Assignment:
In the records below, find the line with "Appartement 1 Pièce", then retype it and every following line exactly, stopping after the line with "HOME STORY Baumanhänger Suppe, Frontansicht". Leave the pictures out.

***** Exercise materials

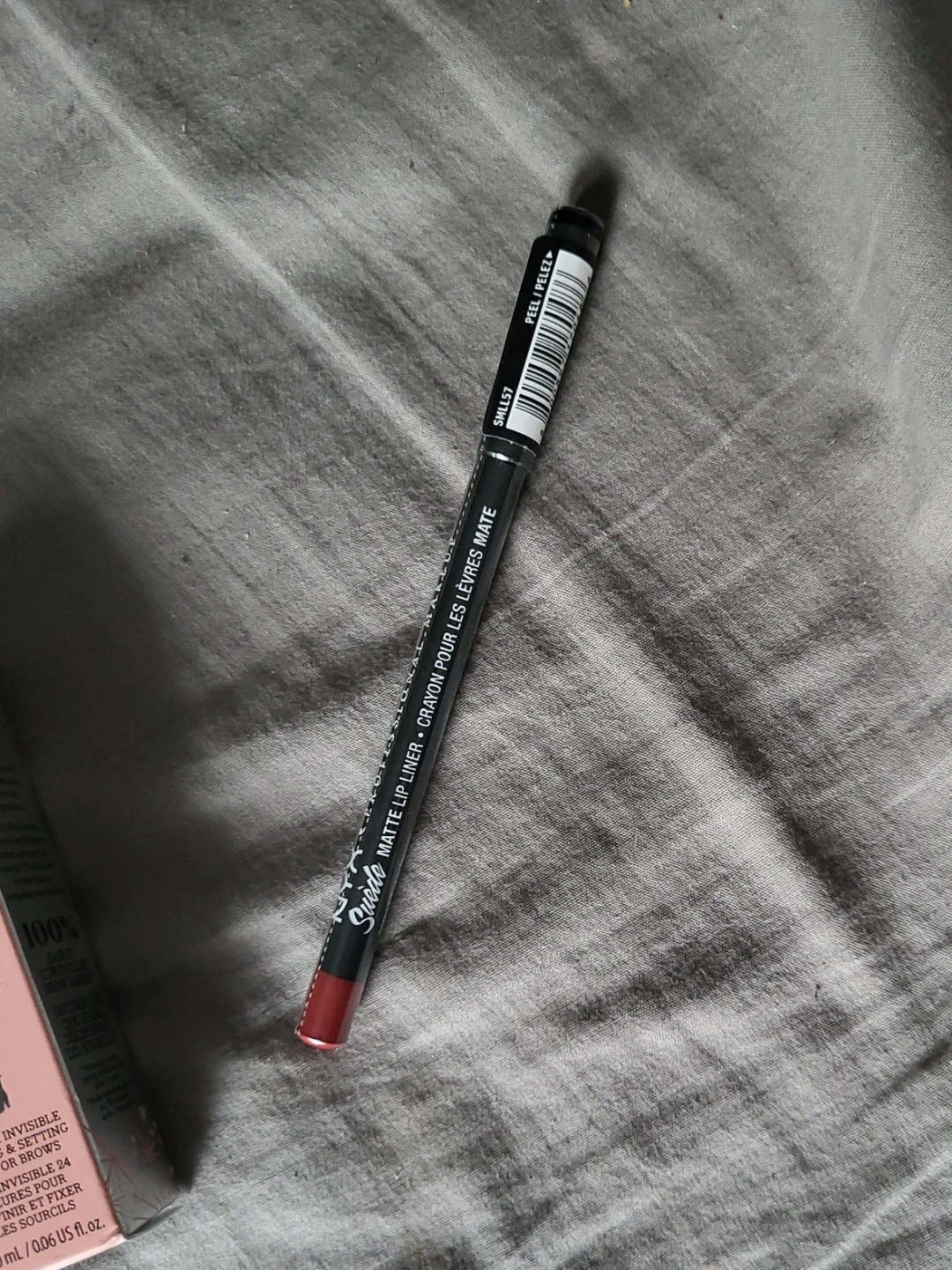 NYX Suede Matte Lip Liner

**********
***** Exercise materials

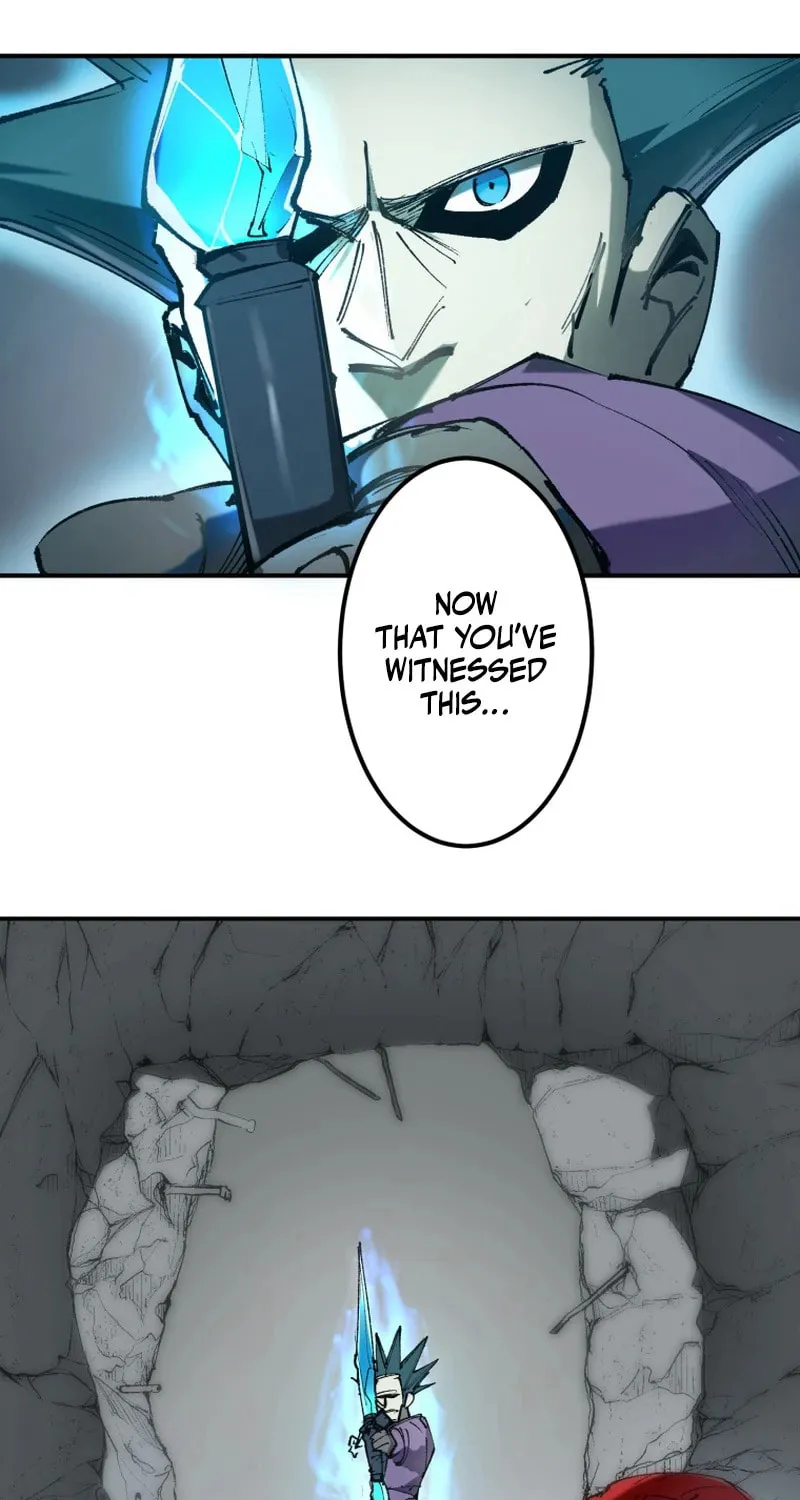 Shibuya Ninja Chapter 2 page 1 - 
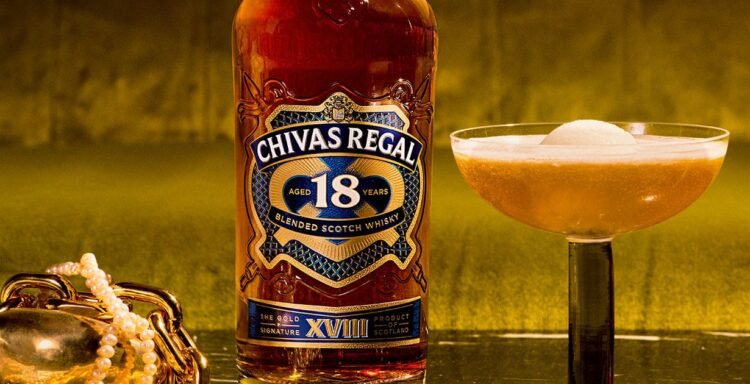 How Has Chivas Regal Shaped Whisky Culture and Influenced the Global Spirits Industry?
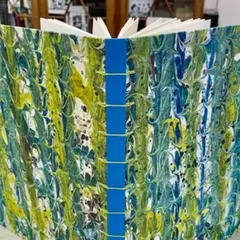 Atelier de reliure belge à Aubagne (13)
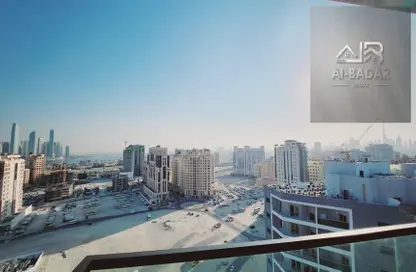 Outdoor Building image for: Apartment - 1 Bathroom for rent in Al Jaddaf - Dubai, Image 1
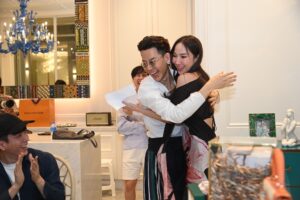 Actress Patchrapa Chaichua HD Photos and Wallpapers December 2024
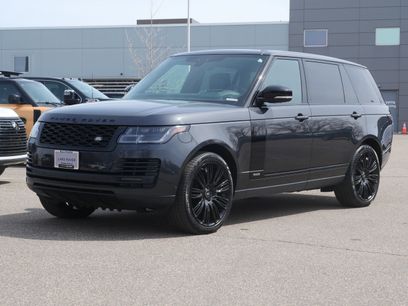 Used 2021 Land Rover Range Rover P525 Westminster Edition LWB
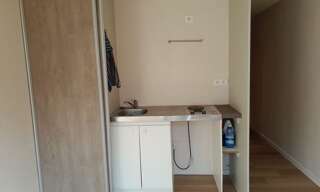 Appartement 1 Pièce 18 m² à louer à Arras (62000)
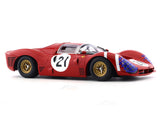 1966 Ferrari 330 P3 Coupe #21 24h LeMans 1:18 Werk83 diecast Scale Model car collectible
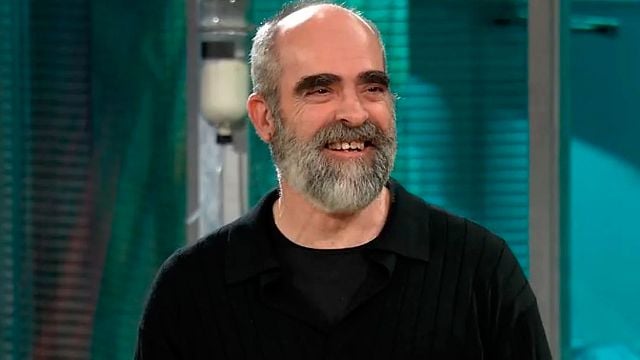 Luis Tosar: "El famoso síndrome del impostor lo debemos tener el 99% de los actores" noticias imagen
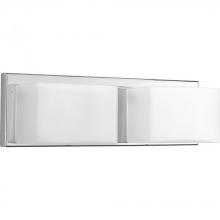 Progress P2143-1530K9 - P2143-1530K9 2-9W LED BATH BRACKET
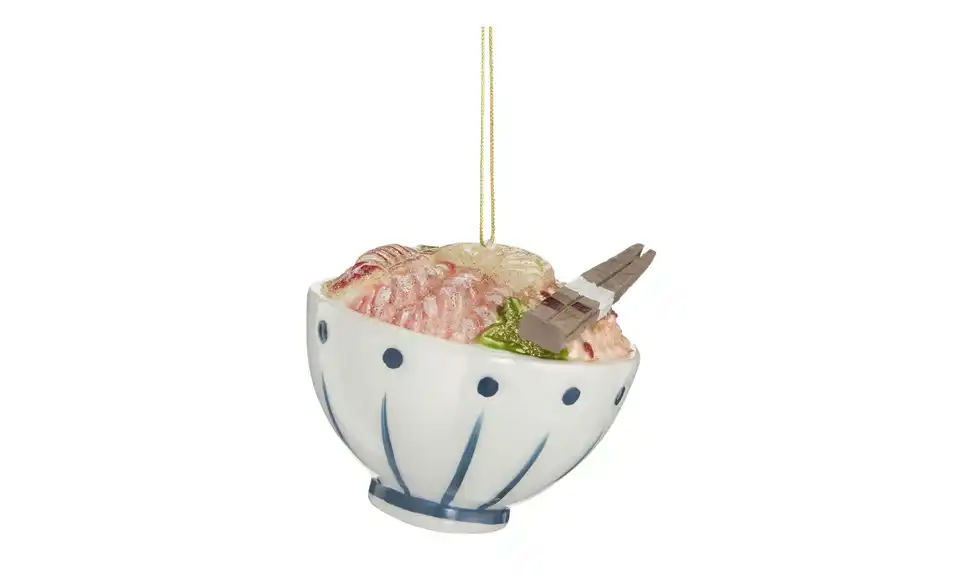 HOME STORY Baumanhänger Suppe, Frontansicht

**********

Reply to the exercise:
 Appartement 1 Pièce 18 m² à louer à Arras (62000)
 1966 Ferrari 330 P3 Coupe #21 24h LeMans 1:18 Werk83 diecast Scale Model car collectible
 Luis Tosar: "El famoso síndrome del impostor lo debemos tener el 99% de los actores" noticias imagen
 Progress P2143-1530K9 - P2143-1530K9 2-9W LED BATH BRACKET
 HOME STORY Baumanhänger Suppe, Frontansicht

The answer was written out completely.